Phil Sim

Web, media, PR and… footy

Human editing giving Techmeme a very different feel already

Right now, the top story on Techmeme is the piece I just posted on – Google Chrome coming out of Beta.

In case you missed it, last week Gabe Rivera the creator of the Techmeme aggregator announced he was adding a human editor to his payroll. Ironically, I was involved in a blog conversation about two years earlier with Gabe over the merits of a human editor versus an all-automated solution and Gabe at the time suggested he would look at human interference at some point in the future but probably not for Tech.

A couple of years later down the track, he’s changed his mind and Techmeme now has a journalist adding editorial judgements to the mix of story rankings and grouping.

So let’s go back to that Google Chrome story. Right now, it has just one link from Tech BLORGE. Under the old algorithm model, one-link would never be enough to get a story up to the top of Techmeme especially on a busy news day like we’ve seen over the past 24 hours.

I also just saw two links that were previously attached to that story – but which were actually about Google Native Code rather than Chrome dissapear from the Grouping. Not sure, if they were added their manually or removed manually?

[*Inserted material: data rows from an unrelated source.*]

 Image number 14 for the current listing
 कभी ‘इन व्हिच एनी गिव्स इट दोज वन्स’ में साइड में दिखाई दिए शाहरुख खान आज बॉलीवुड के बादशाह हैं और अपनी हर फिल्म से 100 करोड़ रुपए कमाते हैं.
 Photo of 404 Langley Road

So the obvious advantage of the new human-editing approach is clearly that stories can rise to the top far quicker based on an editor’s decision rather than waiting for the blogosphere to decide its a hot issue and promote the piece algorithmically. However, that’s kind of why I go to Techmeme – I want to see what the community has decided is the hot news – not what an editor thinks as I can after all get that anywhere.

The removal of those too, means, you’ve got that element of human error (or correction) which again makes it more like a traditional news site. I don’t know, the site just feels different and I’m not sure I’m digging it.

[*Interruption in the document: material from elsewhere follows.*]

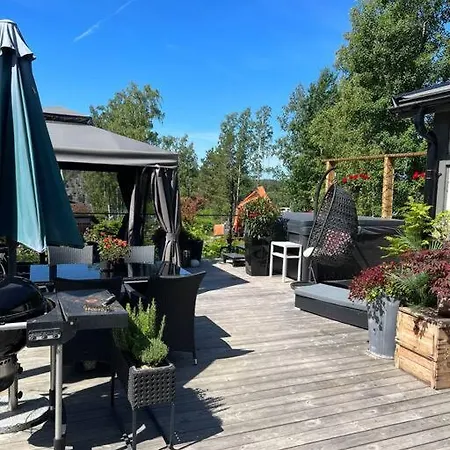 Charmig Liten Stuga I Soedertaelje/ Kungsdalen Exterior photo
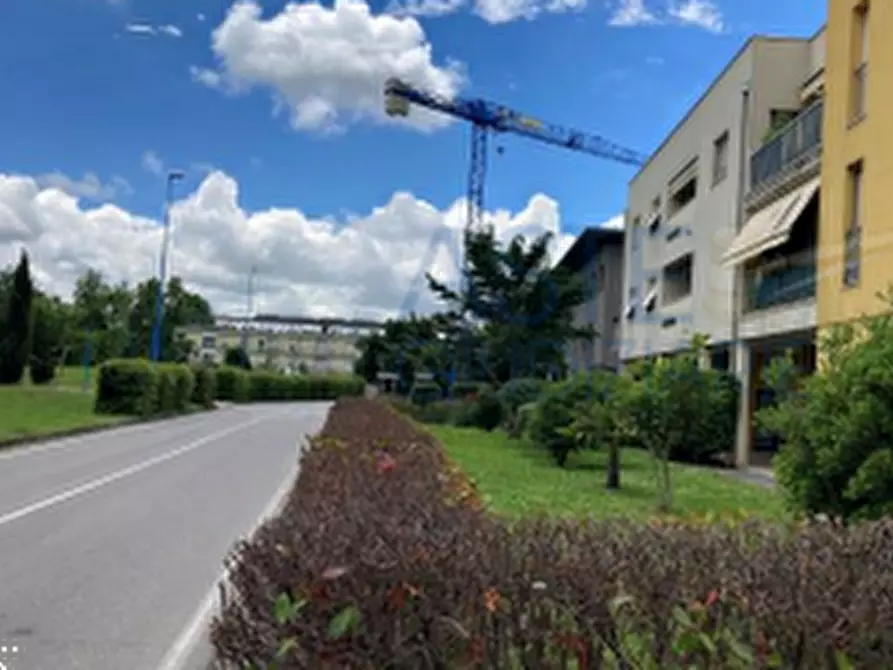 Immagine 3 di Negozio in vendita  in Via Fratelli Oscar e Olves di Prata a Brescia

There have been many complaints about Techmeme as a self-perpetuating echo-chamber where people simply write about a story because its at the top of Techmeme. Now, having a human interfere (enhance) the rankings means you can prevent this happening somewhat, but it introduces the equally problematic issue that now you have bloggers writing about something just because Techmeme’s editor thinks it is a cool story.

I would suggest Gabe has gone the route he has because it makes his software platform far more valuable than it was previously. The idea doesn’t work unless you have a critical mass of people linking to each other and there aren’t that many blog categories where that happens. It also means that you can’t really on-sell the technology because you would just end up with each user of the platform having pages that look identical.

By introducing a human-editing angle to the memeorandum platform, Gabe will be able to potentially sell his platform to any media company who can then use machine-editing to enhance its human editing process. That will potentially enable media companies to run more sites with less resources but still maintain the overall editorial control and feel with their own real-life editors. It’s a pretty attractive model.

P.S. It will be interesting to see what happens with this post as it links to the aforementioned Google story but has done so in a tangential way. I guess the way it should work is the algorithm will add it and then the editor would remove it? Let’s see…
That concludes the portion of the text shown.